- **About this task**: Using the data below, restate exactly every line from the one with "تلاش برای گسترش" up to and including the one with "15850 Secoya Reserve". No picture belongs in it.

Recorded data START

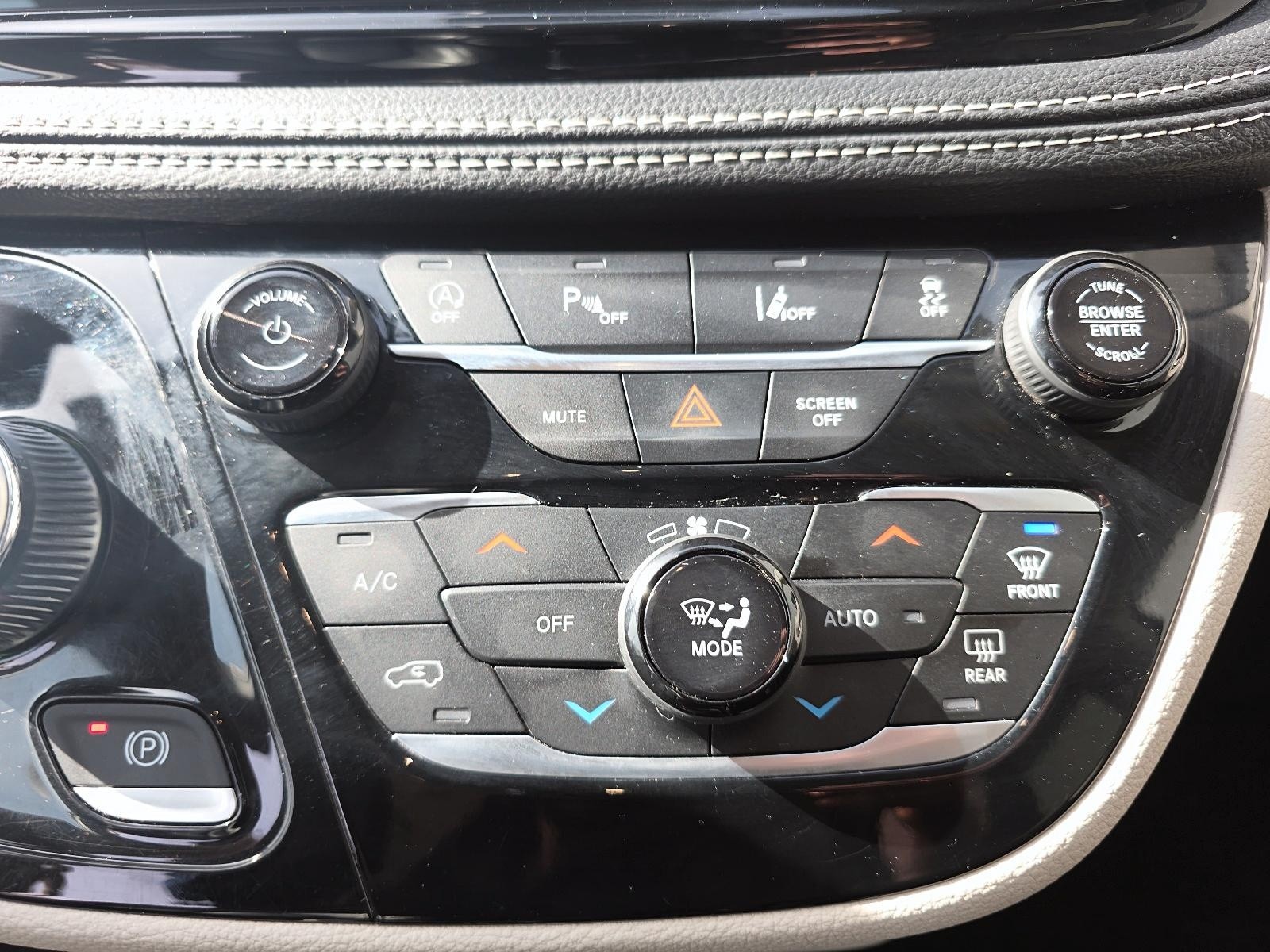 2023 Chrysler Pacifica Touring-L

Recorded data END
Recorded data START

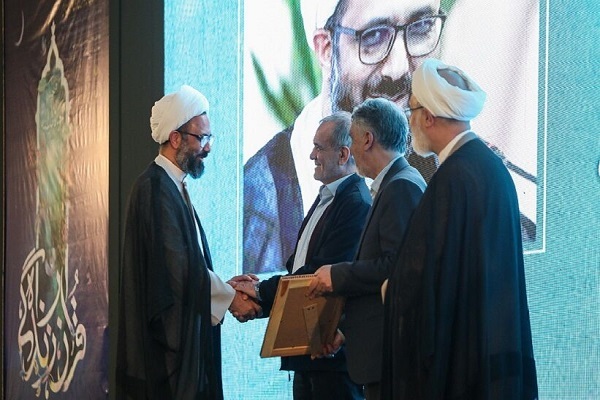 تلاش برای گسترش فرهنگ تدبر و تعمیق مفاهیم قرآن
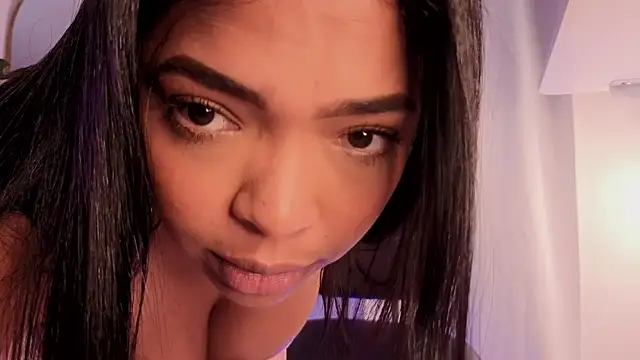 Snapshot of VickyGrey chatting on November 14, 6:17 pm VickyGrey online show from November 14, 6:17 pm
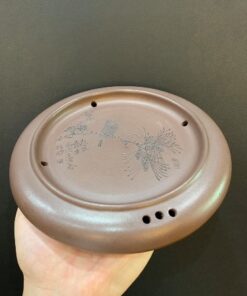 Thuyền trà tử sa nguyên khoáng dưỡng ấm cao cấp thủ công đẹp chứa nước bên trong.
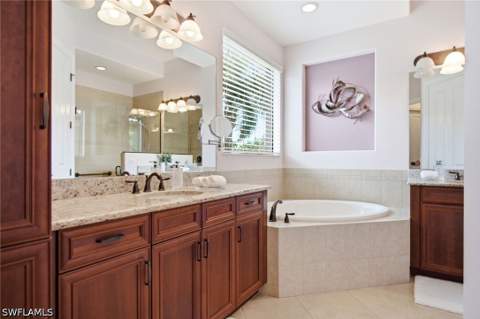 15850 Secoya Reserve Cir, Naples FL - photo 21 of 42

Recorded data END
Recorded data START

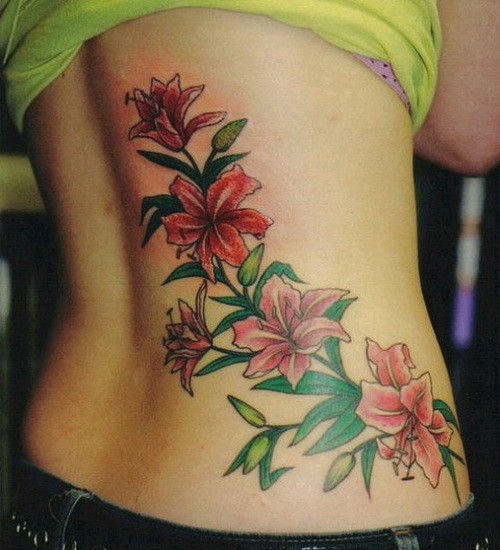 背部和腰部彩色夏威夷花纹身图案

Recorded data END

- **Result**:
 تلاش برای گسترش فرهنگ تدبر و تعمیق مفاهیم قرآن
 Snapshot of VickyGrey chatting on November 14, 6:17 pm VickyGrey online show from November 14, 6:17 pm
 Thuyền trà tử sa nguyên khoáng dưỡng ấm cao cấp thủ công đẹp chứa nước bên trong.
 15850 Secoya Reserve Cir, Naples FL - photo 21 of 42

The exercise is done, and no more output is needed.